The results show that none of the sequential search experiments gets a similar unique output ratio to simply do independent search. I was able to tune the prompt in the different versions of the sequential search, and I saw improvements but the problem persisted.

Thus this is not a good strategy for searching (at least with this base model). I believe RL could solve this, and maybe bigger models do better.

I have to look for diversity elsewhere. Maybe more worrying is that I have tried a prompt with the goal of refining the existing code, and the exact duplicates rate was the highest of all the experiments: 19%. Thus it seems that if I want to refine code, I'm going to throw many attempts to the trash can.

Conclusion

This experimentation successfully demonstrated that a base code-generation model using a DSL can solve a subset of ARC tasks. The best experiment solved 11.5% of the training tasks. The two most critical factors for success were model size and prediction volume. Larger models consistently produced higher-quality solutions and solved more tasks.
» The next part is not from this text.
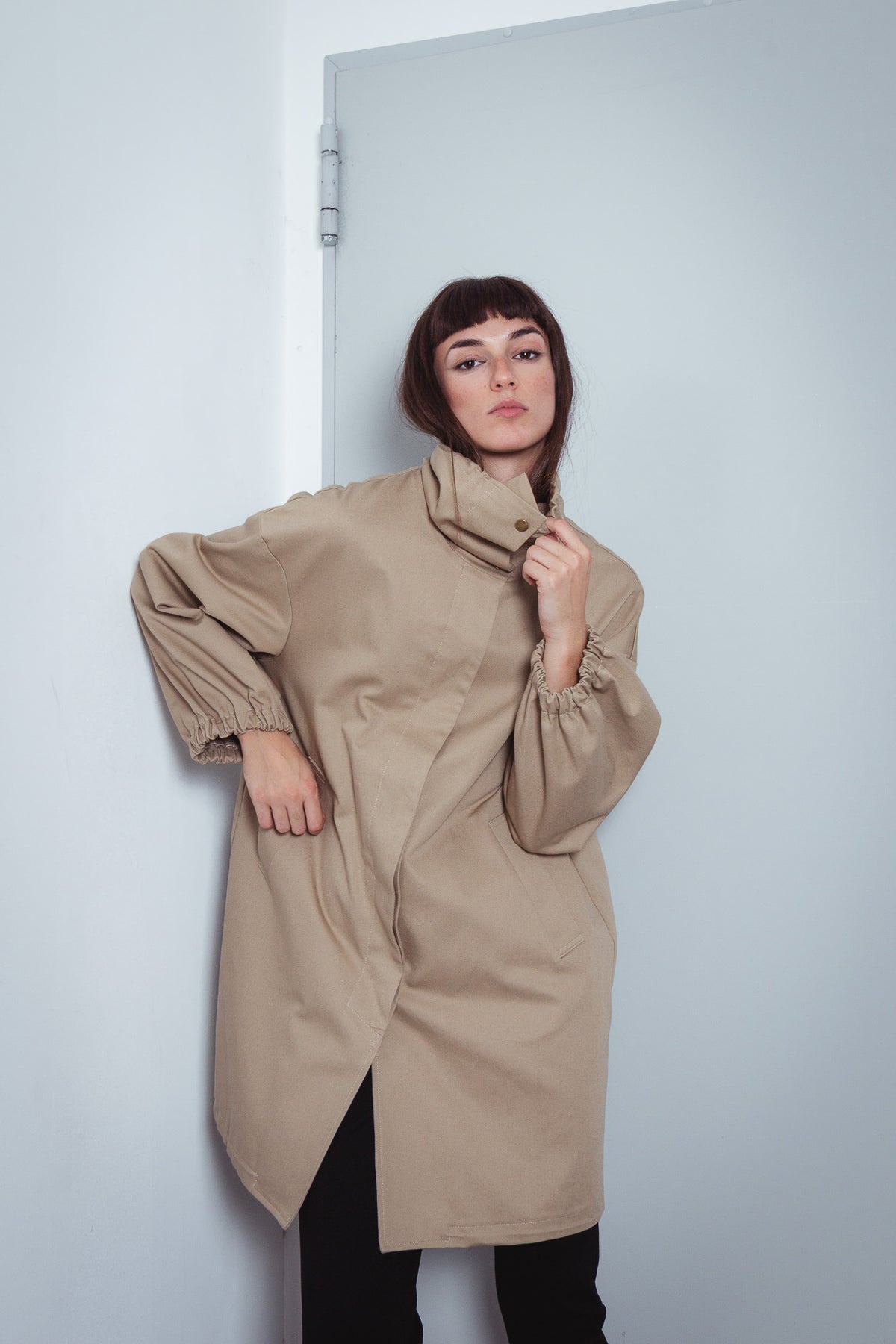 Cappotto parka lungo con collo alto con coulisse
The most effective strategy was a simple brute-force approach, generating hundreds of independent solutions per task, as this method significantly outperformed more complex search techniques aimed at refinement or increasing diversity. These "smarter" search prompts were counterproductive, often reducing the variety of generated outputs. While effective, the brute-force method is inefficient, suffering from diminishing returns in solution uniqueness.

Next steps

Try to increase search diversity
Refine solution

TODO

How many primitive functions does BARC have? And Hodel?
Create a prompt with the available DSL functions
What is the best way to do inference?
- VLLM
- Pure python with caching
- SGLang (I'm not going to try it this iteration)
What is the effect of the model size?